BETLEMME, PALESTINA OCCUPATA – Il Natale è tornato a Betlemme, dopo due anni in cui le autorità locali avevano deciso di sospendere le celebrazioni in solidarietà alla popolazione palestinese della Striscia. Uno dei luoghi simbolo dell’identità cristiana, dove nacque Gesù Cristo, è tornato a risplendere in questi giorni, dopo due anni di buio, dove l’assenza di fedeli e turisti pesa enormemente sull’economia cittadina. Sono centinaia le persone che si sono radunate la sera del 24 dicembre nella piazza della Mangiatoia, davanti la Basilica della Natività, dopo una processione per le vie della città.

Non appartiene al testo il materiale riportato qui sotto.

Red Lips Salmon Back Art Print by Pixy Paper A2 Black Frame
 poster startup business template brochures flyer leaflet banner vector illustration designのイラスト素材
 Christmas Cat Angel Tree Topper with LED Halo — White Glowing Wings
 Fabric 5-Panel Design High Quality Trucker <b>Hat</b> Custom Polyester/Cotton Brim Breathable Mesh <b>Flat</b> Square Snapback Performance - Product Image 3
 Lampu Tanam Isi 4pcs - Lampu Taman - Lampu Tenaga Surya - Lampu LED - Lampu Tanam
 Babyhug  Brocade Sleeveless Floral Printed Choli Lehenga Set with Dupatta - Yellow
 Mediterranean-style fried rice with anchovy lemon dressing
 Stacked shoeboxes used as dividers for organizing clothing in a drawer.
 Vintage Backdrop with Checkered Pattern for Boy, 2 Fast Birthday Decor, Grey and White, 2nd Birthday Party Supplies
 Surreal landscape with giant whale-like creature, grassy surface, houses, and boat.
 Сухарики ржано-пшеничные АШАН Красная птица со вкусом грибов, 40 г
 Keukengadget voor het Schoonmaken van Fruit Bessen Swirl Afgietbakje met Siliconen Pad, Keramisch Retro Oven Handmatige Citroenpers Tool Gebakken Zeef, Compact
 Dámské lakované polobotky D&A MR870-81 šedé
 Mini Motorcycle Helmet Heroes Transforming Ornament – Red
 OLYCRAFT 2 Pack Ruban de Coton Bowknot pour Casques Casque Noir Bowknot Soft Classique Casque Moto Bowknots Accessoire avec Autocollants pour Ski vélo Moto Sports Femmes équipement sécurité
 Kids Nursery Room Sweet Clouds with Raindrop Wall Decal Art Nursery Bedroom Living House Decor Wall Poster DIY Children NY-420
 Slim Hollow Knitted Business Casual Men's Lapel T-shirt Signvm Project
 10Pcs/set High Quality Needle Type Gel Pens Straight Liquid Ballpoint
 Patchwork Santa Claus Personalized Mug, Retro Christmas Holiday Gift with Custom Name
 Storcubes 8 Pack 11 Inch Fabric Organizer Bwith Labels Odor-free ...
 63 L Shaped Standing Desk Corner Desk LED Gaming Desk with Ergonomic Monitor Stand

Un concerto dal vivo, banchetti, e un enorme albero di Natale ha accompagnato i credenti riuniti per celebrare il Natale per la prima volta dall’inizio dal ottobre 2023. Un’evento che accende la luce sulla comunità palestinese di religione cristiana, circa 50.000 persone che da secoli vivono in pace con la comunità musulmana ed oggi soffrono, come tutti i palestinesi, le violenze della polizia e dei coloni israeliani, che non si sono placate nemmeno nei giorni del Natale.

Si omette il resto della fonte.